[Collected data]
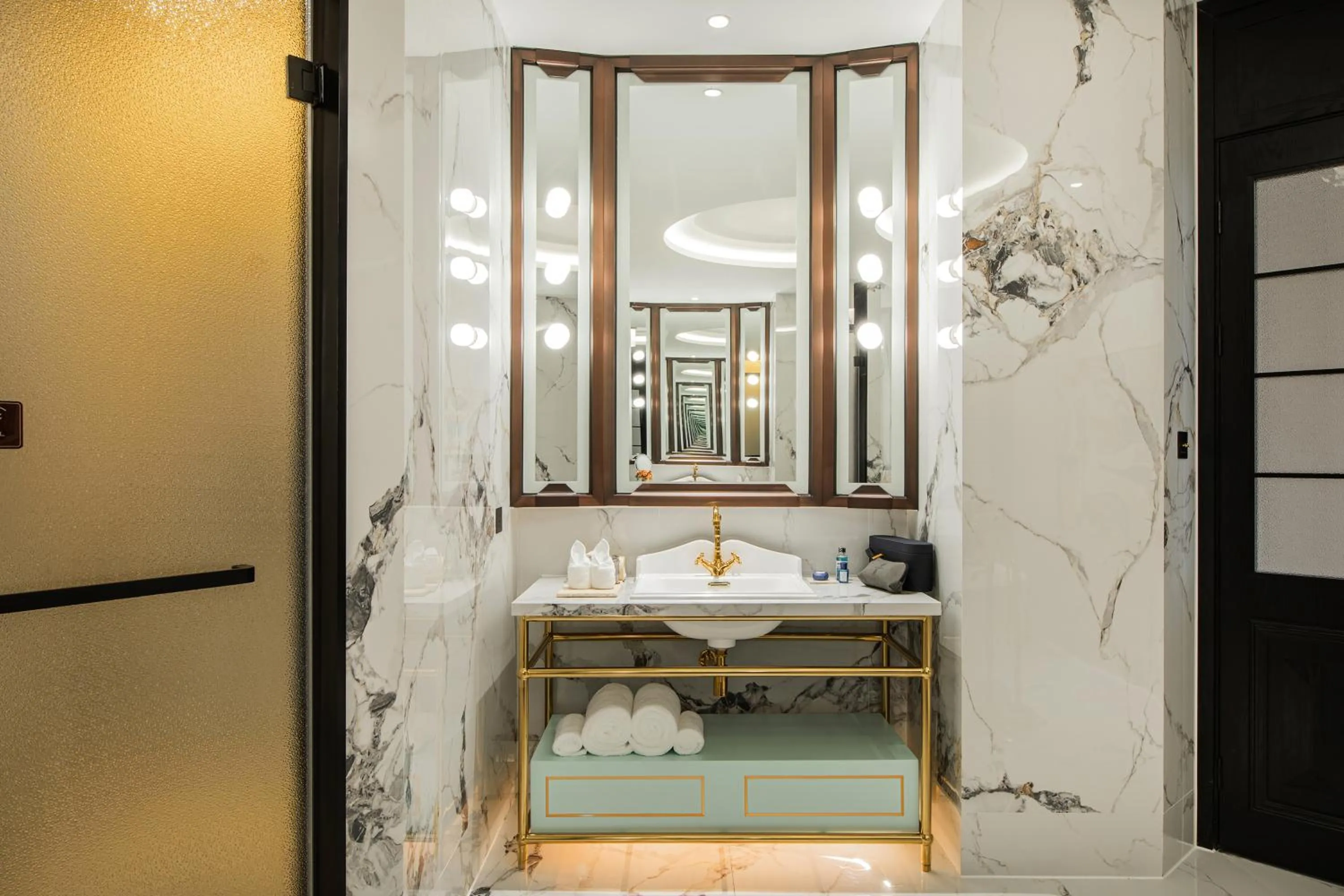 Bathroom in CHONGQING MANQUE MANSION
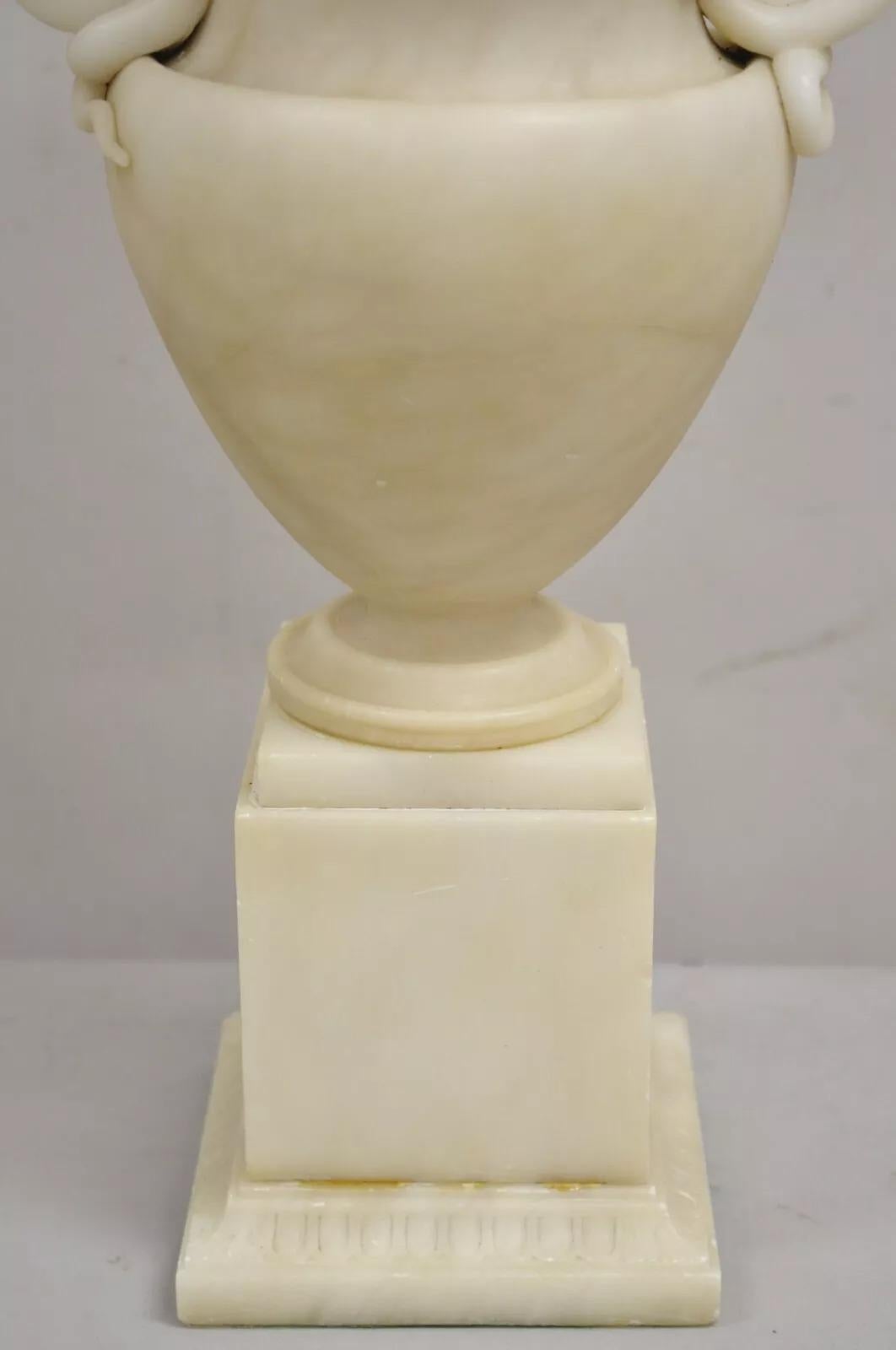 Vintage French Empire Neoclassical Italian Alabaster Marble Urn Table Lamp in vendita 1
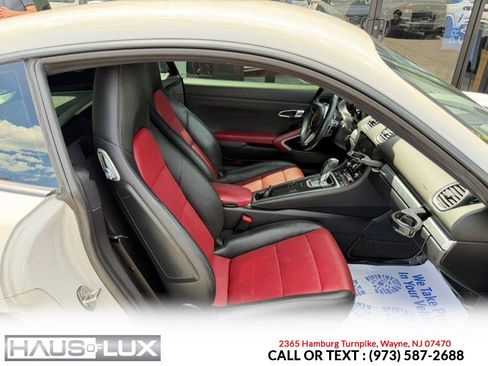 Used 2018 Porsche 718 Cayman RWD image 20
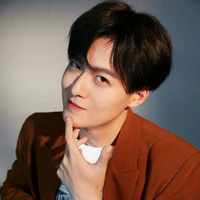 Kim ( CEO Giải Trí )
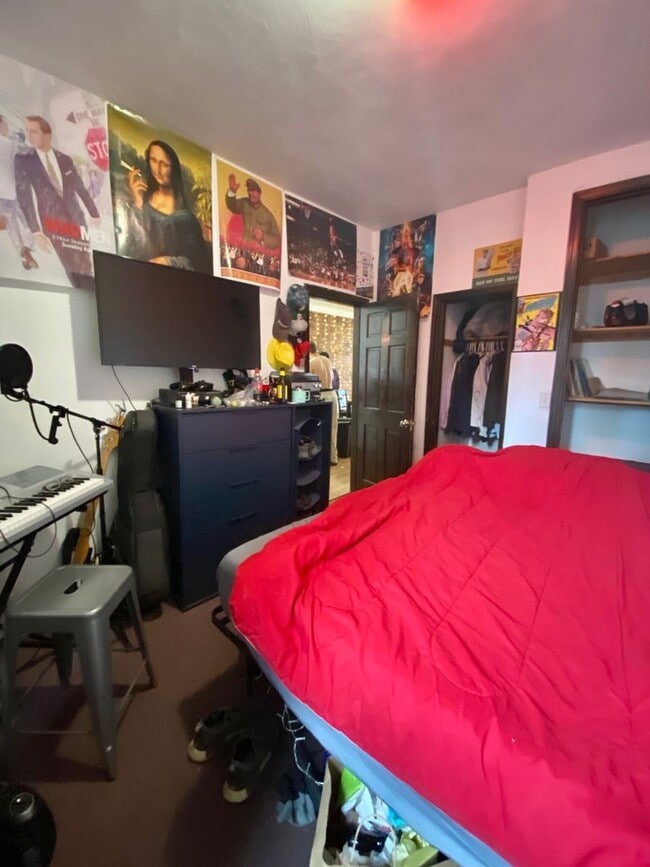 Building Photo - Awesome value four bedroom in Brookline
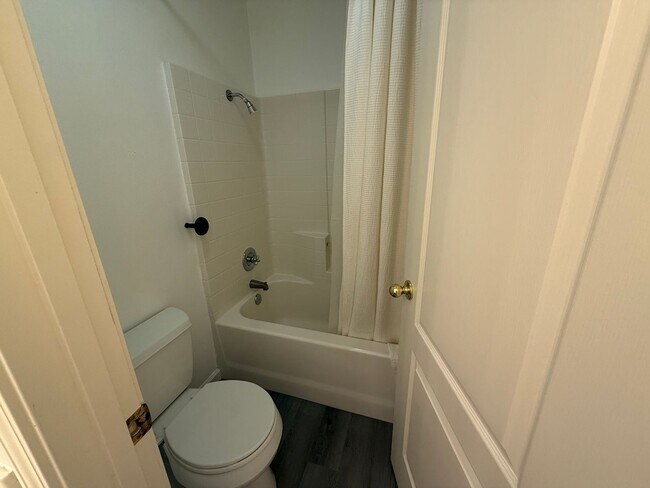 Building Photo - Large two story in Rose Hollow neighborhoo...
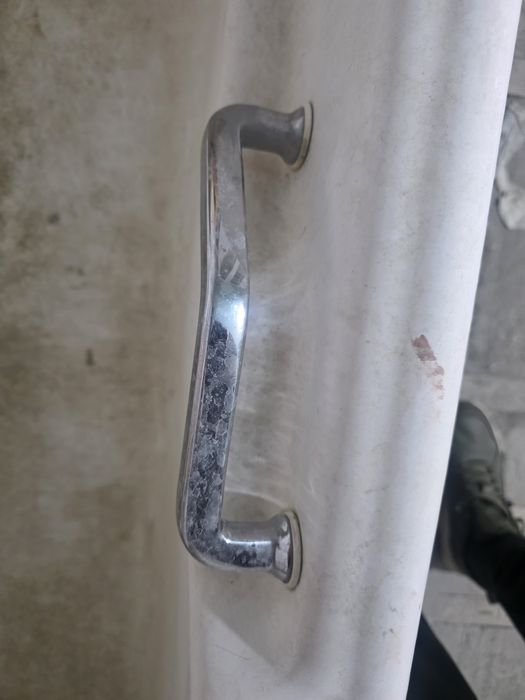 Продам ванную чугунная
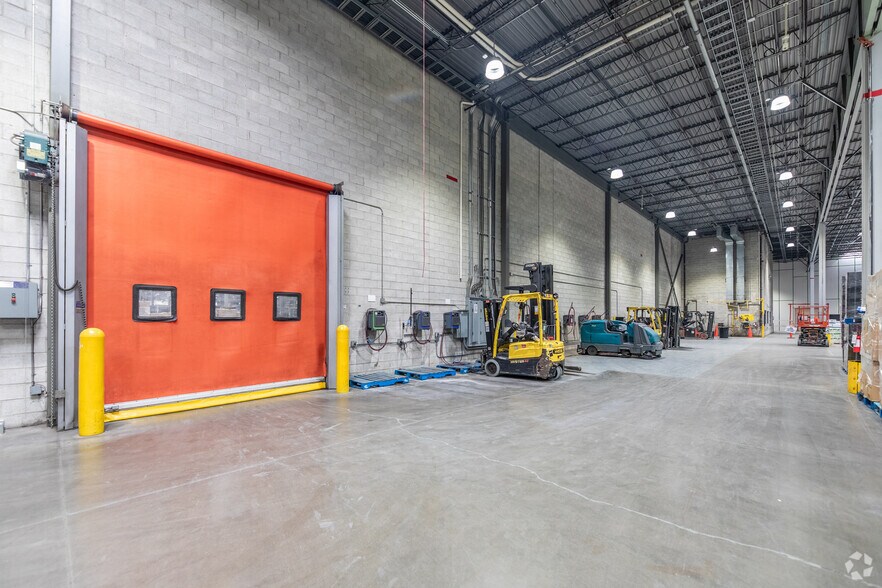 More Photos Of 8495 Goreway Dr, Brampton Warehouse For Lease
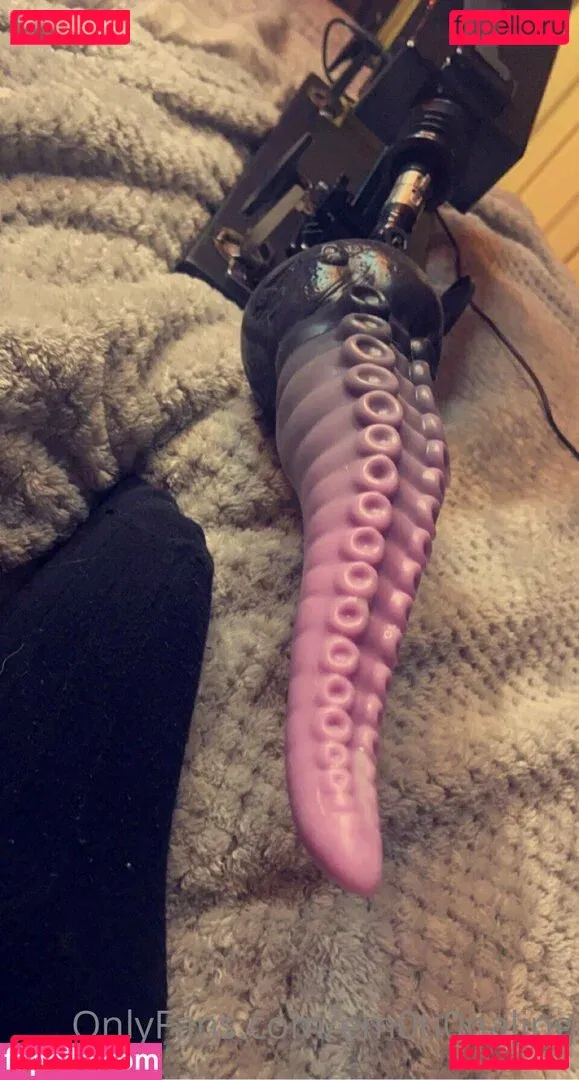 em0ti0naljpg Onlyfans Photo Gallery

* **What to work on**: All lines from the one containing "Used 2018 Porsche 718 Cayman RWD image 20" to the last line of the records above, and no others, should be returned unchanged, without pictures.

* **Solution to this problem**:
 Used 2018 Porsche 718 Cayman RWD image 20
 Kim ( CEO Giải Trí )
 Building Photo - Awesome value four bedroom in Brookline
 Building Photo - Large two story in Rose Hollow neighborhoo...
 Продам ванную чугунная
 More Photos Of 8495 Goreway Dr, Brampton Warehouse For Lease
 em0ti0naljpg Onlyfans Photo Gallery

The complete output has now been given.